> **Exercise brief**
Please transcribe the lines below exactly, and leave every image behind.

--- Given information ---

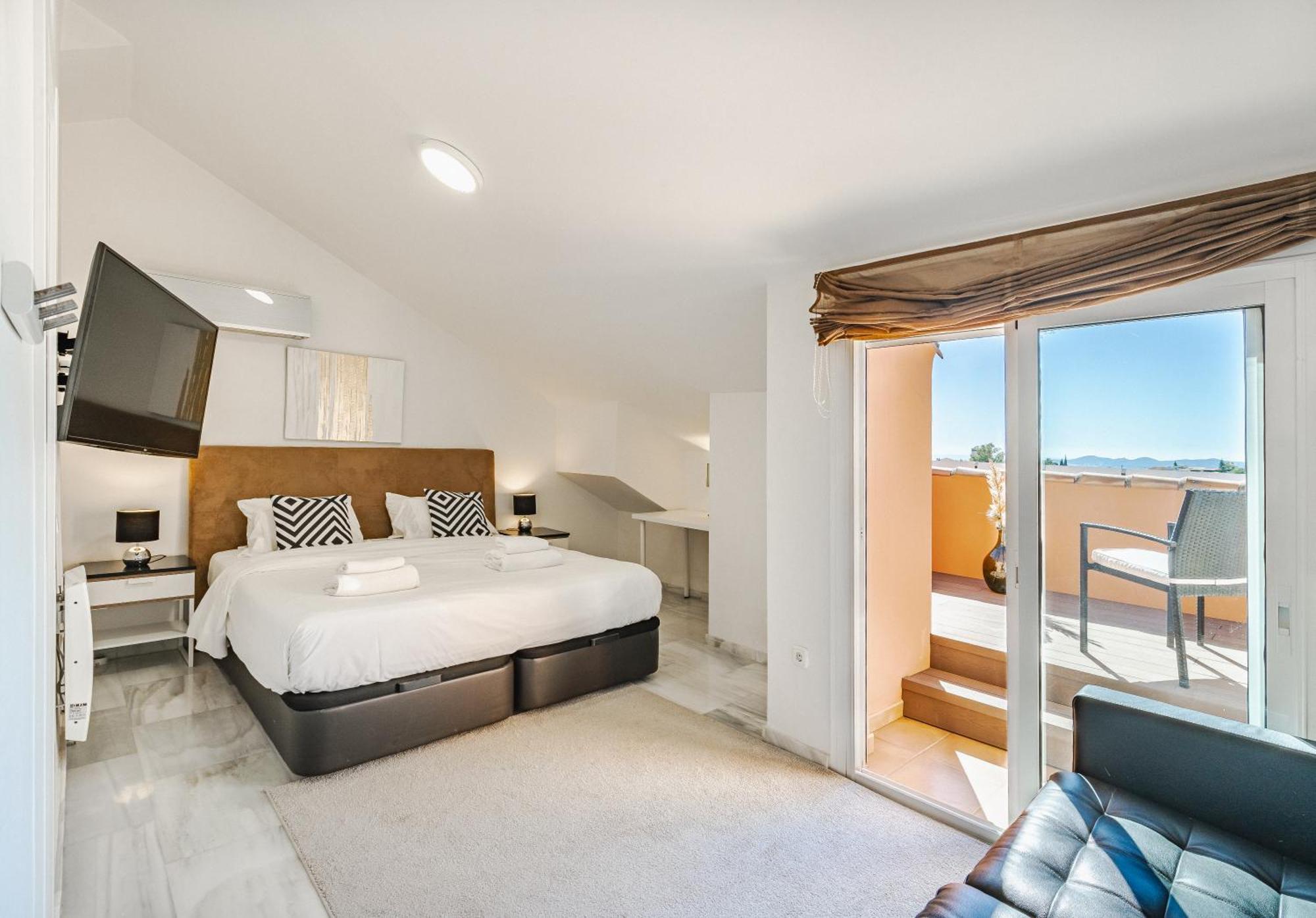 Private Luxurious Hillside Villa With Pool & Sea Views For 8 To 10 Ppl フエンヒロラ エクステリア 写真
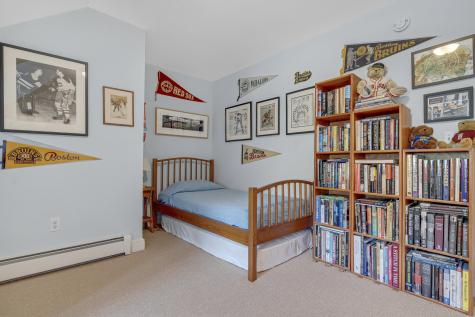 2 Sunnyfield Lane Falmouth ME 04105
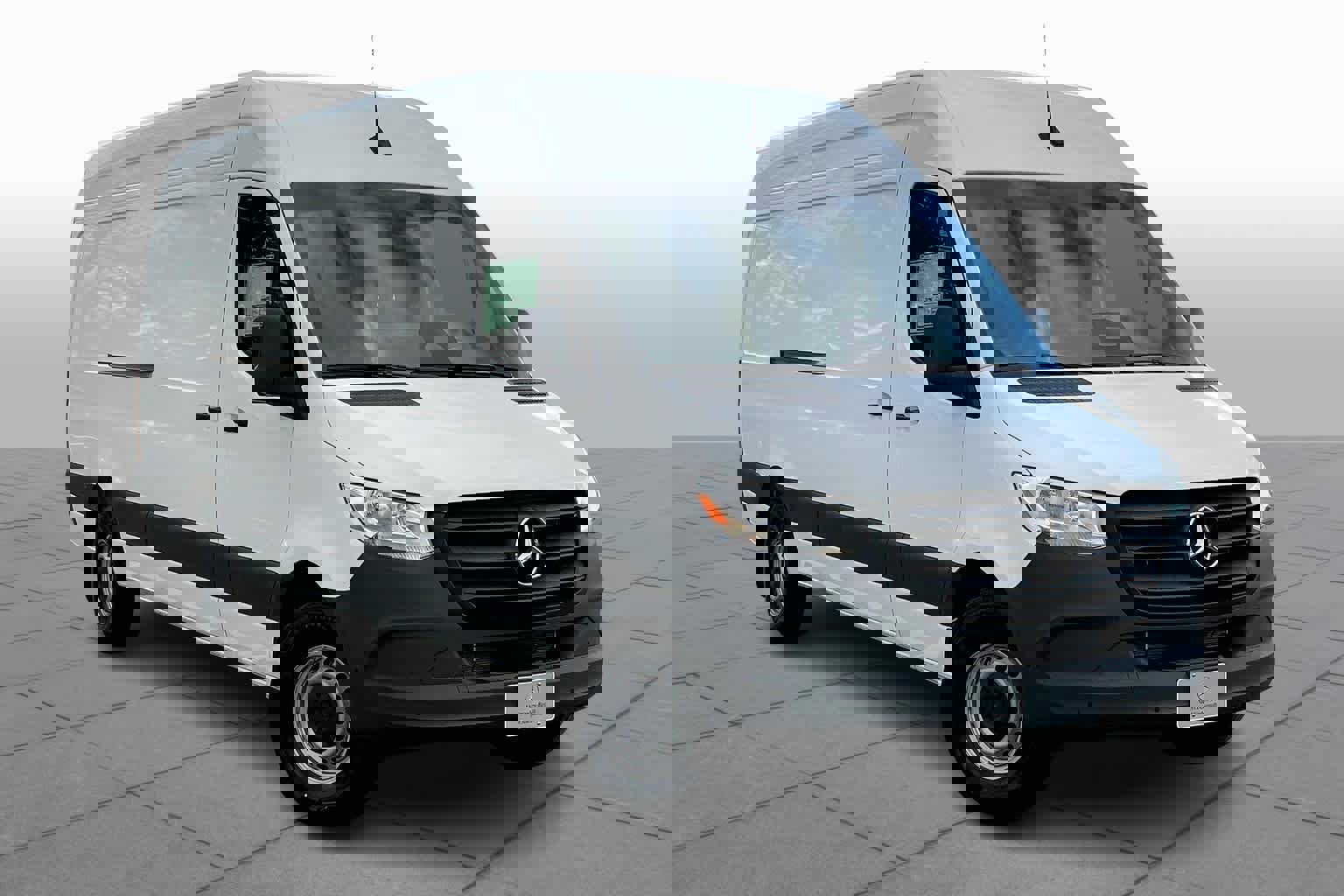 Used 2025 Mercedes-Benz Sprinter 2500 image 2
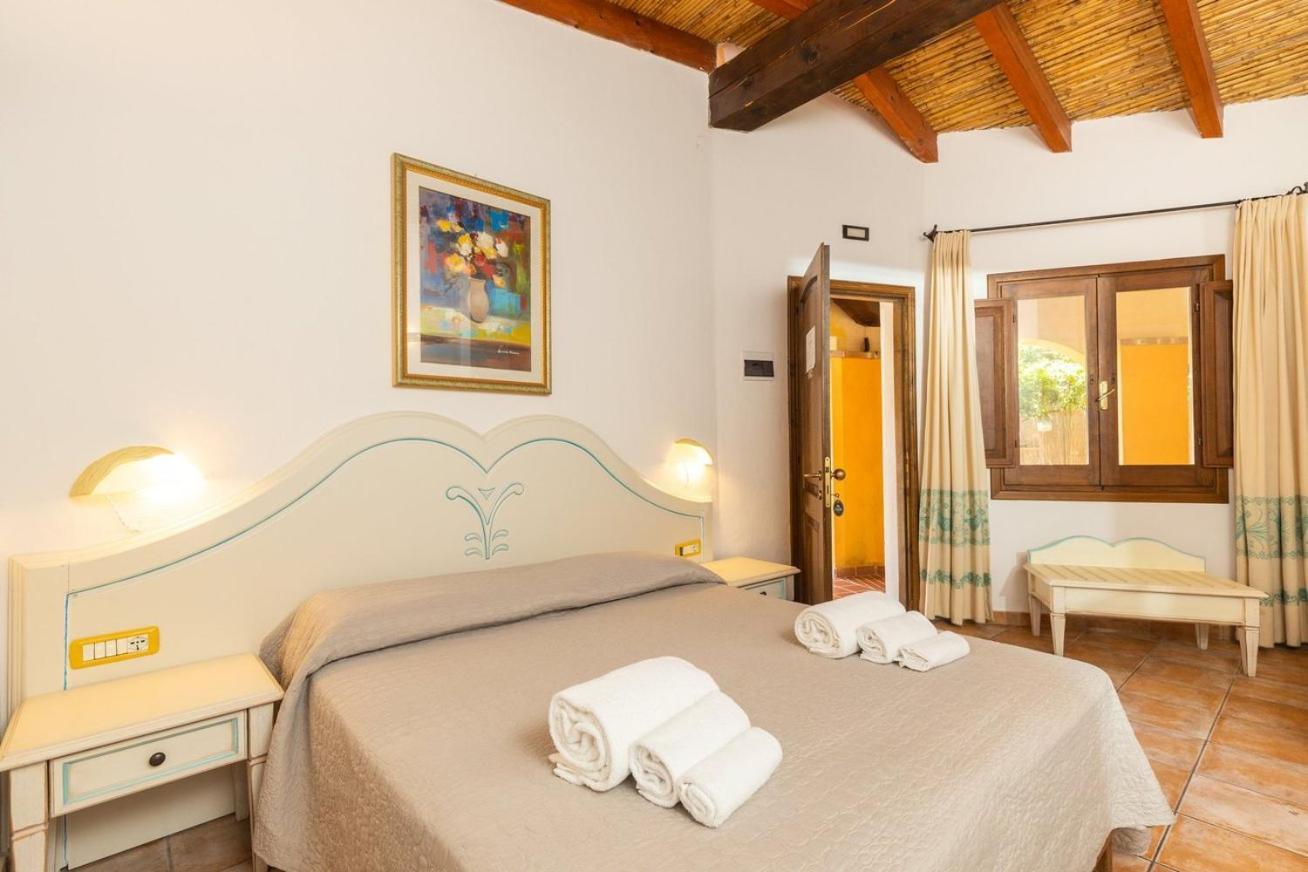 Hotel L'Ulivo Джирасоле Екстериор снимка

---

> **Response**
 Private Luxurious Hillside Villa With Pool & Sea Views For 8 To 10 Ppl フエンヒロラ エクステリア 写真
 2 Sunnyfield Lane Falmouth ME 04105
 Used 2025 Mercedes-Benz Sprinter 2500 image 2
 Hotel L'Ulivo Джирасоле Екстериор снимка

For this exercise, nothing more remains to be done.